The Israeli elections commission on Wednesday barred the Kach party of American-born Rabbi Meir Kahane from competing in the Nov. 1 general election on grounds that Kach, which favors the expulsion of Arabs living under Israeli rule, is racist and anti-democratic.
The decision had been expected. The commission’s members are drawn from parties represented in the Knesset, or Parliament, and most of them oppose Kach. Kahane said he will appeal the ruling to the Supreme Court.
Kahane, founder of the militant Jewish Defense League in the United States, said he will defend his party by citing the Bible and Jewish philosophy.
“If I am racist, Judaism is racist, and I want the high court to say so,” he said.
Kach official Rahamim Cohen, outlining his party’s legal argument, said there are “no generally accepted definitions of democracy or racism.” Kach’s attitude toward Arabs is based on security concerns, Cohen said, adding, “Arabs are a hostile population and identify with the enemy.”

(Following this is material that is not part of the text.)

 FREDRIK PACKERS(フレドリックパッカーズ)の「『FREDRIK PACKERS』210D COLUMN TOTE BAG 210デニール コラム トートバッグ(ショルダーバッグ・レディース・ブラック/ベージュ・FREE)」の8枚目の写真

If the commission’s decision stands, it will deprive Kach of the gains it expected to make in the Knesset. Kahane is now the party’s lone representative in the Knesset, which has 120 members in all, and many experts had predicted that Kach would win up to four seats.

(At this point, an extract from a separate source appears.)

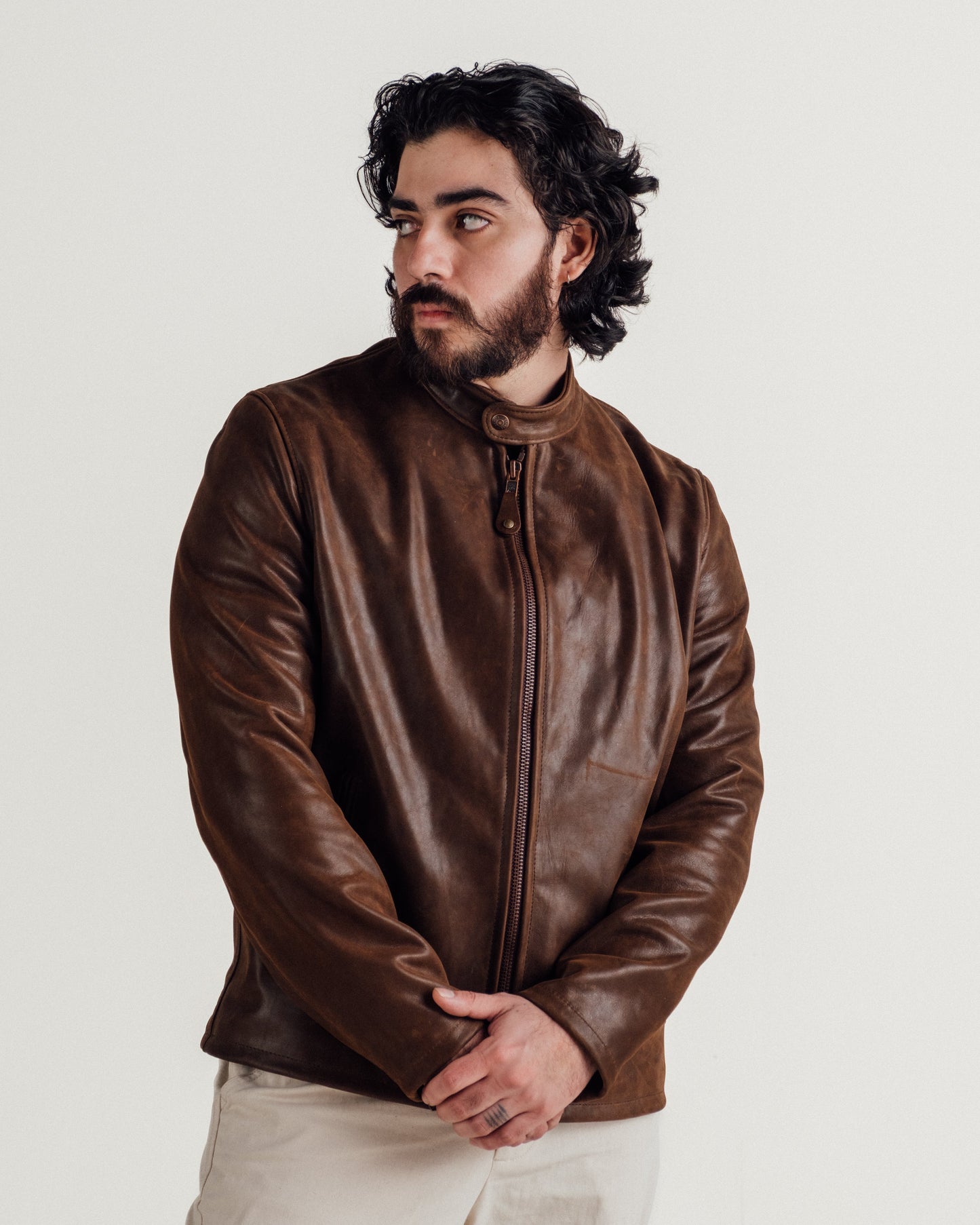 581 — collar detail | Majestic Leather UK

According to some experts, support for Kach, which means “Thus” in Hebrew, has grown as the Arab uprising in the occupied West Bank and Gaza Strip has fueled ill feeling and frustration in Israel. The party is said to have been attracting many first-time male voters who have served with the army in the occupied territories, trying to put down the revolt.

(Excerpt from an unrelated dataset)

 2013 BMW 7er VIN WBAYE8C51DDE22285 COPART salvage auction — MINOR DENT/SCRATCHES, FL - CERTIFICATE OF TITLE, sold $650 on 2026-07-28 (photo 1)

“The authority to disqualify is the only weapon capable of preventing this muddy wave of racism from inundating the Israeli Parliament,” the independent newspaper Hadashot said.
Kahane and Kach campaigned on a pledge to expel not only the 1.5 million Arabs in the West Bank and Gaza but also the 800,000 Arabs who live in Israel proper and have Israeli citizenship.
Kahane, 56, refers to Arabs as “dogs.” In the Knesset, he proposed legislation that would forbid marriage between Jews and non-Jews and campaigned to prohibit sex between Arab men and Jewish women.
In 1984, Kahane won a seat in the Knesset after overcoming a challenge to his party’s legal status in the Supreme Court. The court ruled that no law forbids parties from holding racist or undemocratic principles.
After Kahane was seated in the Knesset, it passed a law banning parties that incite racism or reject “the democratic nature of the state.”
Wednesday’s decision was the first application of that law.
Kahane’s program worries many Israelis on several counts.
For one thing, they say, his notions of Arab inferiority echo Nazi thinking.
“It is intolerable that Nazi ideology should have a place in Israeli society,” said David Sasson, an official of the centrist Shinui party.
Kahane also promotes creation of a theocracy based on religious law that many see as a Jewish version of Islamic fundamentalism.
Parties on the right as well as on the left opposed his candidacy.